Evidências clínicas e novos entendimentos
Parte relevante da ampliação das indicações está ancorada nos resultados do estudo SELECT, o maior ensaio clínico já conduzido para avaliar os efeitos cardiovasculares da semaglutida. Publicada na revista científica The Lancet em 2025, uma nova análise do estudo apontou que a redução do risco cardiovascular ocorre independentemente da magnitude da perda de peso.

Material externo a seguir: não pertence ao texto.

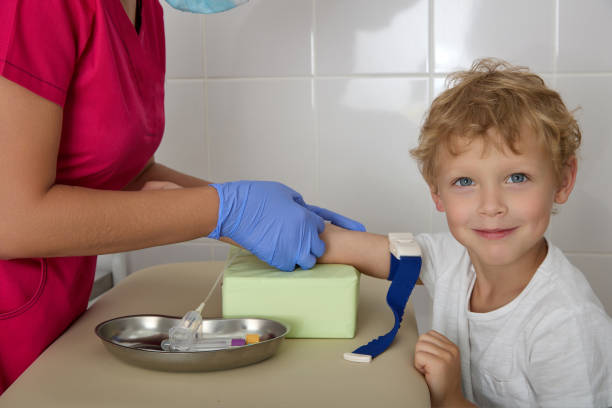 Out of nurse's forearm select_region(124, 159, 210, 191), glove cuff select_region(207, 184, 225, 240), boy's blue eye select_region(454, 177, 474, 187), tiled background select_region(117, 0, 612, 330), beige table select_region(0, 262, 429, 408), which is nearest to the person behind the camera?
beige table select_region(0, 262, 429, 408)

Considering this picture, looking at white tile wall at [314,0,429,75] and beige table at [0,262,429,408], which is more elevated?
white tile wall at [314,0,429,75]

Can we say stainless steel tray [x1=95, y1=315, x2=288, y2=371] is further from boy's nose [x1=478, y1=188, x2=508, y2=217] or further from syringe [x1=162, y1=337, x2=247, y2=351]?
boy's nose [x1=478, y1=188, x2=508, y2=217]

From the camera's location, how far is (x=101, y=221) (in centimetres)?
76

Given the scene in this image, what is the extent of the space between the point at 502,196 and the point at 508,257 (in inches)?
4.0

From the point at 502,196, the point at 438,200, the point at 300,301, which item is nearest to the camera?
the point at 300,301

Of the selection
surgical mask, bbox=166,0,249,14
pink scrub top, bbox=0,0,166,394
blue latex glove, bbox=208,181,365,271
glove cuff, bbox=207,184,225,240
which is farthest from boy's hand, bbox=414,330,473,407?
surgical mask, bbox=166,0,249,14

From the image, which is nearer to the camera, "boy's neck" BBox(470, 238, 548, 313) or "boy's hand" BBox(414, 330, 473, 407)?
"boy's hand" BBox(414, 330, 473, 407)

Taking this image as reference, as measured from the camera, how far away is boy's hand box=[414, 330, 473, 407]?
750 millimetres

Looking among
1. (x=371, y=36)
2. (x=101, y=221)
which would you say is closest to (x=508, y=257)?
(x=101, y=221)

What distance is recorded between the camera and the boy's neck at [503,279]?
3.27ft

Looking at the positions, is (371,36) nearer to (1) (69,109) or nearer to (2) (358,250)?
(2) (358,250)

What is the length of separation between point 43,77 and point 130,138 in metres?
0.20

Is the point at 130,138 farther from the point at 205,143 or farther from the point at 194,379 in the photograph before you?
the point at 205,143

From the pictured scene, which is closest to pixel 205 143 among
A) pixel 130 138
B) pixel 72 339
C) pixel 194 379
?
pixel 130 138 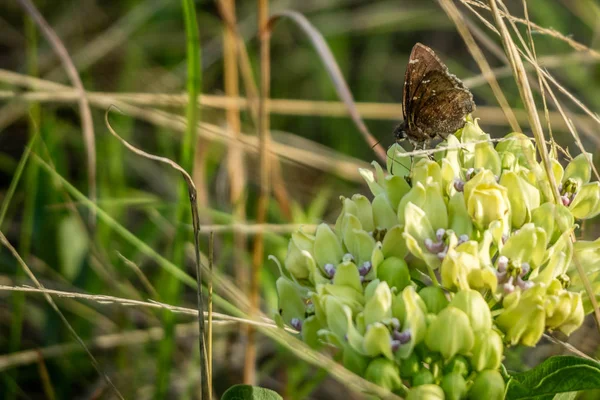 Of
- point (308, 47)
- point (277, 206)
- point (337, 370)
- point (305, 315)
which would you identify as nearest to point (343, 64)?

De acordo com Mette Thomsen, vice-presidente sênior da área médica global da Novo Nordisk, fabricante dos medicamentos, os resultados sugerem que os benefícios cardiovasculares da semaglutida não estão diretamente ligados apenas à redução do peso corporal. A análise indicou, por exemplo, que pacientes apresentaram diminuição relevante de eventos cardiovasculares mesmo quando a perda percentual de peso variou de forma significativa.
O estudo também mostrou associação positiva entre a redução da circunferência abdominal — indicador de gordura visceral — e melhores desfechos cardiovasculares, reforçando a hipótese de que mecanismos metabólicos e anti-inflamatórios possam estar envolvidos.
Mecanismo de ação ainda em investigação
Apesar das evidências robustas sobre os benefícios cardiovasculares, o mecanismo exato que explica esse efeito protetor ainda não está completamente elucidado. Especialistas apontam que a semaglutida pode apresentar propriedades específicas dentro da classe dos agonistas de GLP-1, indo além do controle do apetite e do peso.
No SELECT, que incluiu mais de 17 mil adultos com doença cardiovascular e índice de massa corporal igual ou superior a 27, observou-se uma redução média do risco cardiovascular de aproximadamente 4% a cada 5 kg perdidos. Ainda assim, a incidência de eventos foi semelhante entre pacientes com diferentes níveis de emagrecimento, reforçando que a perda de peso, isoladamente, não explica todos os benefícios observados.
Outras frentes de benefício e implicações de mercado
Além das indicações cardiovasculares e metabólicas, a semaglutida vem sendo estudada em outras condições, como a redução de gordura e inflamação hepática. Ensaios clínicos recentes apontaram melhora significativa em marcadores de inflamação do fígado após 72 semanas de uso. Nos Estados Unidos, a substância já é aprovada para o tratamento de doença hepática grave, enquanto no Brasil o uso ainda aguarda avaliação da Anvisa.
Do ponto de vista estratégico, a ampliação das indicações da semaglutida reforça uma tendência observada também na indústria de beleza e bem-estar: a valorização de ativos com benefícios sistêmicos comprovados, capazes de transitar entre saúde, estética e longevidade. Para profissionais de marketing e desenvolvimento de produto, o movimento evidencia a crescente convergência entre ciência, performance clínica e construção de valor de marca em mercados regulados.